▶ _Provided material_
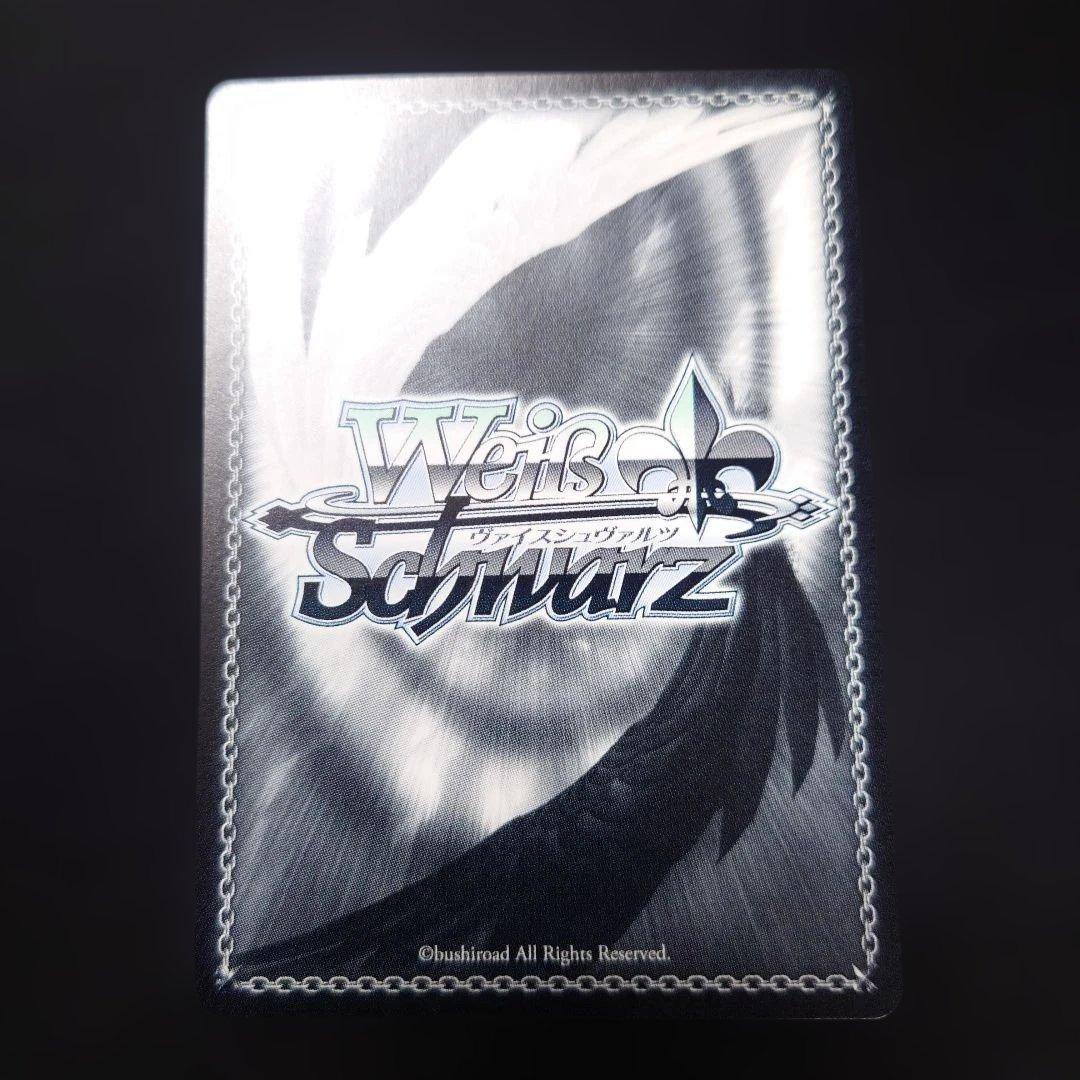 ヴァイス 黒埼ちとせ SP アイドルマスターシンデレラガールズ - メルカリ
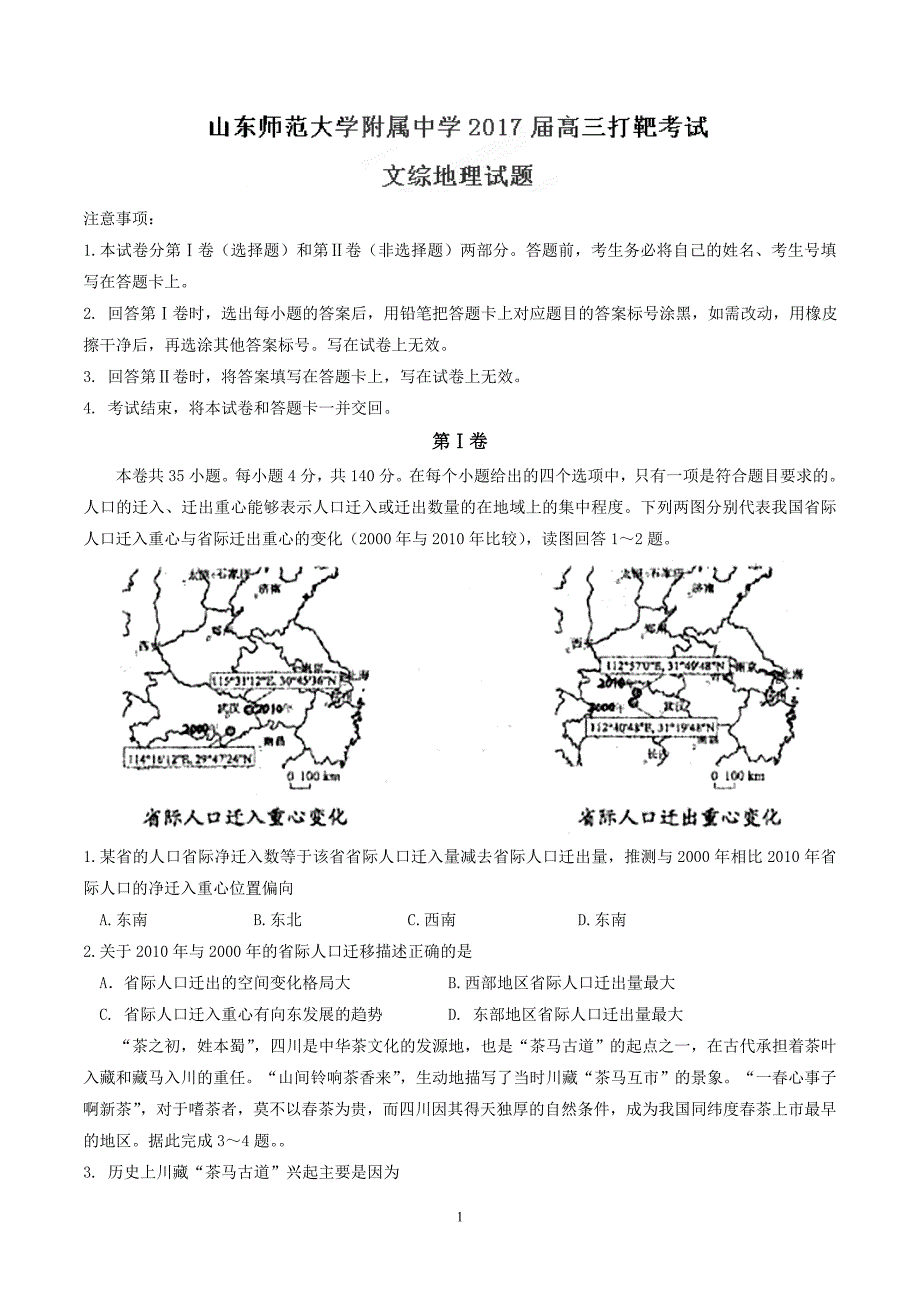 山东省2017届高三打靶考试文综地理试题.doc_第1页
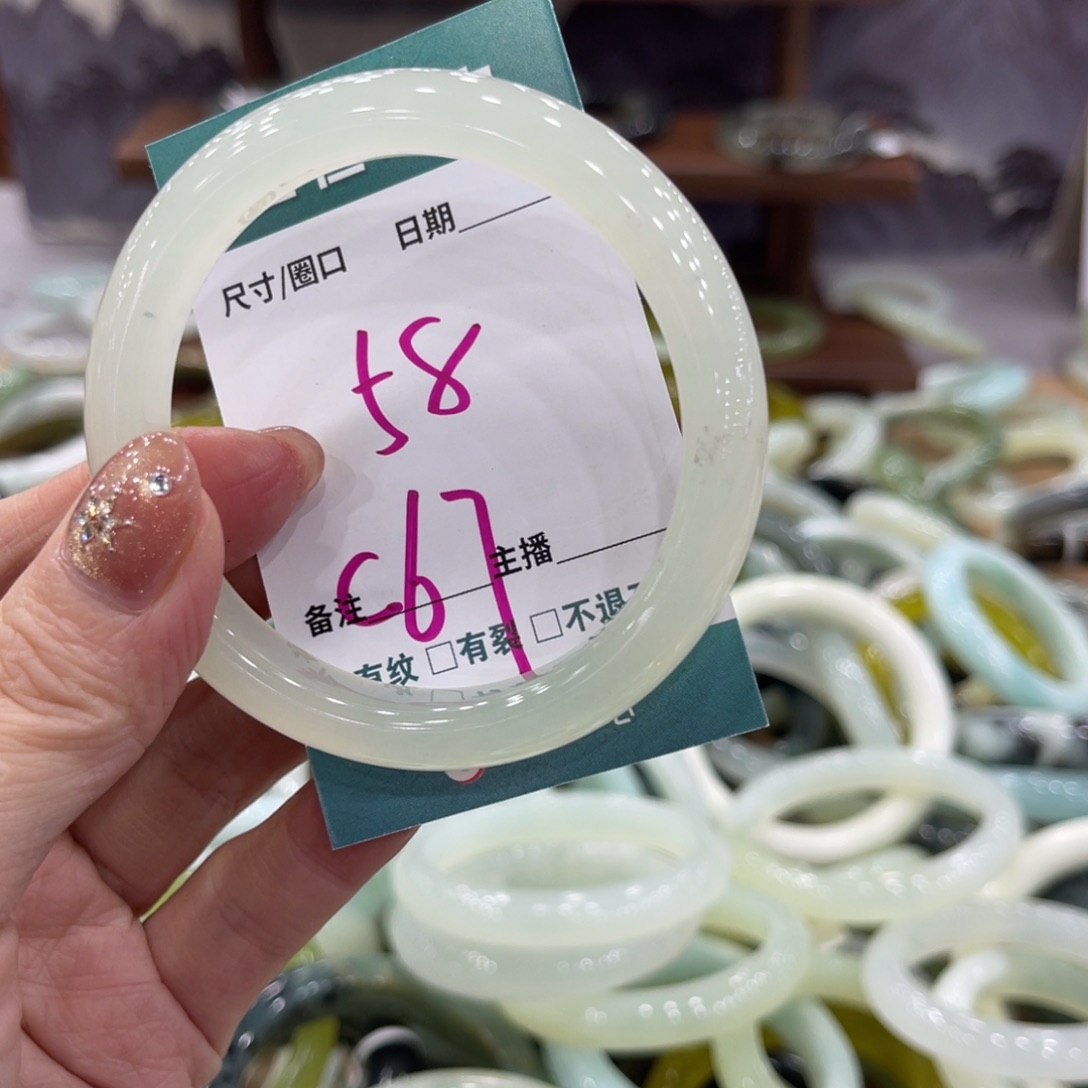 岫玉未镶嵌手镯手镯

▶ _Description of the task_
Please give all of the data again, exact and free of pictures.

▶ _Answer box_
 ヴァイス 黒埼ちとせ SP アイドルマスターシンデレラガールズ - メルカリ
 山东省2017届高三打靶考试文综地理试题.doc_第1页
 岫玉未镶嵌手镯手镯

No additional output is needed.